ABOVE A 1988 commissioned painting of Tuthill by the late New Gloucester artist Reginald Jacqmin hangs in the Tuttle family’s Greek Revival here.

TEXT BY SARA ANNE DONNELLY
PHOTOGRAPHED BY DANIELLE SYKES

From our Winter 2021 issue

Walking the nameless, tree-lined avenues that crisscross antiques dealer Nathan Tuttle’s 55-acre compound in Pittston, you feel like you’ve been transported back in time. And that’s by design. Tuthill, as it’s called, is a 19th-century-style village on a hilltop overlooking the Kennebec River, with 23 buildings that were either built to look centuries old or that actually are. In the latter category are three pre-Civil War homes bought by Nathan’s father, Kenneth, for a dollar, disassembled at their sites elsewhere in central Maine, and reconstructed here. All told, this come-to-life collector’s set includes six houses, two apartments, two antiques shops, a wooden kids’ fort, a paint shop for the maintenance worker, and several barns, multi-bay garages, and sheds.

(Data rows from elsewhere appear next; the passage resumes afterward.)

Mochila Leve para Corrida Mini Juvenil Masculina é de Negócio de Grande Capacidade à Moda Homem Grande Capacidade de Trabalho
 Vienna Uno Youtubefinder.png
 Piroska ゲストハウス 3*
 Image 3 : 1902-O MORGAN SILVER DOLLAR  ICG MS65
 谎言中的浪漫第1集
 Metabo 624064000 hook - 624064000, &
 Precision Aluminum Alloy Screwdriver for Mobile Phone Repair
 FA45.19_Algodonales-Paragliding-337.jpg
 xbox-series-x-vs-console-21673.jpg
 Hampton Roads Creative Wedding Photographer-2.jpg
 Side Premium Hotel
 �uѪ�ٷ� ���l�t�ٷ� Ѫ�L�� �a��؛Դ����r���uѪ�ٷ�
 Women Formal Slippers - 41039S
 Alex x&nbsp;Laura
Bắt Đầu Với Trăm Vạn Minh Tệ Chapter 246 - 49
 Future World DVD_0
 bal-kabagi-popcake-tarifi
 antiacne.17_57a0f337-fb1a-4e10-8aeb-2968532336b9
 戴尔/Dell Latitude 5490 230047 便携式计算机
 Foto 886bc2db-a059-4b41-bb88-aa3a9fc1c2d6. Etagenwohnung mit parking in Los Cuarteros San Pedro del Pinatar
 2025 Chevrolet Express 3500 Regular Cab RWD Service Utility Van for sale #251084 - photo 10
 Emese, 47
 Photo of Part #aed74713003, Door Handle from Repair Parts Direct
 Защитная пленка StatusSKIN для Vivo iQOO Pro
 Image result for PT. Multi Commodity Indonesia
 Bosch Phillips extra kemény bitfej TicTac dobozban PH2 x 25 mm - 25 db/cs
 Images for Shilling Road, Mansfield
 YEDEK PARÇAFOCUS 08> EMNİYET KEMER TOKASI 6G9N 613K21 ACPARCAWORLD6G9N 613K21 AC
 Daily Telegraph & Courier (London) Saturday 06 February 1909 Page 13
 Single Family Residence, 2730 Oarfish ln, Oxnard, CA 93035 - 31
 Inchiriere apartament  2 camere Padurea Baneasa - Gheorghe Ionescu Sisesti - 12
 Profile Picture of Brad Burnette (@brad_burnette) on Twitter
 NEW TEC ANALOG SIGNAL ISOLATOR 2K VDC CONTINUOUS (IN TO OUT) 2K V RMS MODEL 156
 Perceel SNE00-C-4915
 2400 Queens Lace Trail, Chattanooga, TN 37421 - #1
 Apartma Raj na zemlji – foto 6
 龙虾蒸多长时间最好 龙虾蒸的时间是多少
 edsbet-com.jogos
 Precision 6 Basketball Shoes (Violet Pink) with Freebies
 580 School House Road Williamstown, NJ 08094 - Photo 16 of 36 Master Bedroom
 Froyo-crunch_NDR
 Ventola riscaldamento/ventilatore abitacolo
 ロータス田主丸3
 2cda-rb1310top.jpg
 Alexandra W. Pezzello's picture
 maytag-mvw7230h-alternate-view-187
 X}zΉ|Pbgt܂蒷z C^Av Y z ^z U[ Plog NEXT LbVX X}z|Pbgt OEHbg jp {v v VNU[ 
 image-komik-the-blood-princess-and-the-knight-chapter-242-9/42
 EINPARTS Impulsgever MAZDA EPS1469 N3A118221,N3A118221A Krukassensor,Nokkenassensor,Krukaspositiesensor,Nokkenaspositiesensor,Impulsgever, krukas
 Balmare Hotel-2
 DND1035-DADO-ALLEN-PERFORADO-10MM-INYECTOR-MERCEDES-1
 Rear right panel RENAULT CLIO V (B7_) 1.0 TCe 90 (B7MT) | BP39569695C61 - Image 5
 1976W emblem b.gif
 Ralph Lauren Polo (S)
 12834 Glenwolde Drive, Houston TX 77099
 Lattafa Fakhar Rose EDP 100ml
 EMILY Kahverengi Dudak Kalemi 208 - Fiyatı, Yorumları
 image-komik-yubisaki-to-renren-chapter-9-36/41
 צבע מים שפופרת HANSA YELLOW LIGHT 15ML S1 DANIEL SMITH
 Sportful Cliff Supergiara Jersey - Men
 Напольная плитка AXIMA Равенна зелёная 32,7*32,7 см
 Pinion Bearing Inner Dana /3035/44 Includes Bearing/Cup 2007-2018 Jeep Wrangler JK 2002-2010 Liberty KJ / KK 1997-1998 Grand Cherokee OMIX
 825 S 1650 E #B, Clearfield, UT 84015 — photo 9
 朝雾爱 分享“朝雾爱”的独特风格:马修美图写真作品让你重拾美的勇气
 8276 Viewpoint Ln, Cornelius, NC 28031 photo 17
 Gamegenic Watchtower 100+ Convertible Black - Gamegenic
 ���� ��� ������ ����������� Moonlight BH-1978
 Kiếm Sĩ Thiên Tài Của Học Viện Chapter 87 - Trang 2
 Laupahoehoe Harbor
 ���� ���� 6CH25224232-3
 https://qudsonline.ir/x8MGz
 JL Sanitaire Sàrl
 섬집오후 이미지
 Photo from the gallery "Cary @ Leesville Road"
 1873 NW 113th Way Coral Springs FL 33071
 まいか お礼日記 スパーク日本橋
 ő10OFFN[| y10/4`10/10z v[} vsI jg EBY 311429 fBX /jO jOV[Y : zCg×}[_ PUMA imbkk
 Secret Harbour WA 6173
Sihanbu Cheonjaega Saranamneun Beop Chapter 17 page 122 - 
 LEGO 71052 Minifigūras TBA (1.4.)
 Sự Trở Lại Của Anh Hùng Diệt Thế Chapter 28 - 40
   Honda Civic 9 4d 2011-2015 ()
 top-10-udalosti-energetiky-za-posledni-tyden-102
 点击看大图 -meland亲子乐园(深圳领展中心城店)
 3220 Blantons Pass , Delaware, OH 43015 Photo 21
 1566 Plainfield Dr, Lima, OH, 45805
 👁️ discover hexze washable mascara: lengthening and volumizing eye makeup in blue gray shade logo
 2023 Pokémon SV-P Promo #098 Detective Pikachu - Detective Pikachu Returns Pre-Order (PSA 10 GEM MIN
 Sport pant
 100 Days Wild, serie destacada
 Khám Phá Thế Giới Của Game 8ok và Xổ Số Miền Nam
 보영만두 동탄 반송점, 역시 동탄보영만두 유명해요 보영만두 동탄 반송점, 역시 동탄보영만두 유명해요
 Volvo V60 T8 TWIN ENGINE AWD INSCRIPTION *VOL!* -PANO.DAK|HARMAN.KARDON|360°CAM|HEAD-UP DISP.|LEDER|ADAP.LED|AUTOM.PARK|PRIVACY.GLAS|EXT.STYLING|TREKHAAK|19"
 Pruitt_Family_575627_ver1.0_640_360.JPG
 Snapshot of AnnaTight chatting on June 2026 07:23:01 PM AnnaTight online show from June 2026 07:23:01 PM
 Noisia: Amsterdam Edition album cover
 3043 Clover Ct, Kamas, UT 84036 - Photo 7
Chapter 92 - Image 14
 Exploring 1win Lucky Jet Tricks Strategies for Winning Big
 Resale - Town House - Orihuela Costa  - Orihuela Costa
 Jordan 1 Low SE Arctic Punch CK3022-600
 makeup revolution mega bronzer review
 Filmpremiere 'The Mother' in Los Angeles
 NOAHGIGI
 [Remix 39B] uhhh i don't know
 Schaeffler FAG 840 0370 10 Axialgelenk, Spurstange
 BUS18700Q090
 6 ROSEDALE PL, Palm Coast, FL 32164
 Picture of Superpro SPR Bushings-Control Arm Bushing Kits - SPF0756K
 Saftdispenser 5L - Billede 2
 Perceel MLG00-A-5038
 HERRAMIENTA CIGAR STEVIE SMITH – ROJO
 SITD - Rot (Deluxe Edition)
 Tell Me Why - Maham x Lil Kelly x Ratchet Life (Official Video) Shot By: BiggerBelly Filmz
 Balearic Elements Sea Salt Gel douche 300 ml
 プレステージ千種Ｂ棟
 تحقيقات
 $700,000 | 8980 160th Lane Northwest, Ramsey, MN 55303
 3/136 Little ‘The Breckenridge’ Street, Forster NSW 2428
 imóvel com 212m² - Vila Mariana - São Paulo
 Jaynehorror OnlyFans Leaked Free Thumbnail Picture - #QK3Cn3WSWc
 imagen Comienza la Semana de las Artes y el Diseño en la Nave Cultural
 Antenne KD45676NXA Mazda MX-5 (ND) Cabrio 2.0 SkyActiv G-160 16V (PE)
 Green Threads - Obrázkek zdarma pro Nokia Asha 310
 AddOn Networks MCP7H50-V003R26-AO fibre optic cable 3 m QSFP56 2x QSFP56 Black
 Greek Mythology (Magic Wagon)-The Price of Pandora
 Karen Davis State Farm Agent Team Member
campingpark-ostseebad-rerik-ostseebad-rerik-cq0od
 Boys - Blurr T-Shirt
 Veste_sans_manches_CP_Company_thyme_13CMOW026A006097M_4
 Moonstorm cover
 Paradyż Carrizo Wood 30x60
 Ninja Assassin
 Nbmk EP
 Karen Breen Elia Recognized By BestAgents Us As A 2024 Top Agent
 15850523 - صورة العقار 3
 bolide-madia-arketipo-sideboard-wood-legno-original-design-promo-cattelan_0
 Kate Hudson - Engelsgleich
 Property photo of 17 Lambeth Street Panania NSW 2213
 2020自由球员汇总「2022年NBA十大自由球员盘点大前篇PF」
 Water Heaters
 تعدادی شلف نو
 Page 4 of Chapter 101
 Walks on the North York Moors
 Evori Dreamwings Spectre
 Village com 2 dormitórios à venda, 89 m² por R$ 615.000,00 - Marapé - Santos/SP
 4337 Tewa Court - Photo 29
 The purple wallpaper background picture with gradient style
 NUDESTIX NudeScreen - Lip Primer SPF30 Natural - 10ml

“It’s been the best thing in the world, growing up here,” Nathan said on a recent autumn morning, standing in front of a Federal-style seven-bay garage erected by his father to house his collection of Ford V-8s. “But all good things come to an end.” He and his wife, Anna Boucher, a real estate agent with Augusta’s Coldwell Banker Rizzo Mattson, who is listing the property for $5.5 million, plan to build a new home on 25 acres nearby and live life unencumbered by the upkeep of a small village. Boucher says she’s received calls weekly since the listing went live, but hasn’t fielded any serious offers yet. The reason for most of the inquiries? “They want to know what the story is,” she says. “How it all ended up here.”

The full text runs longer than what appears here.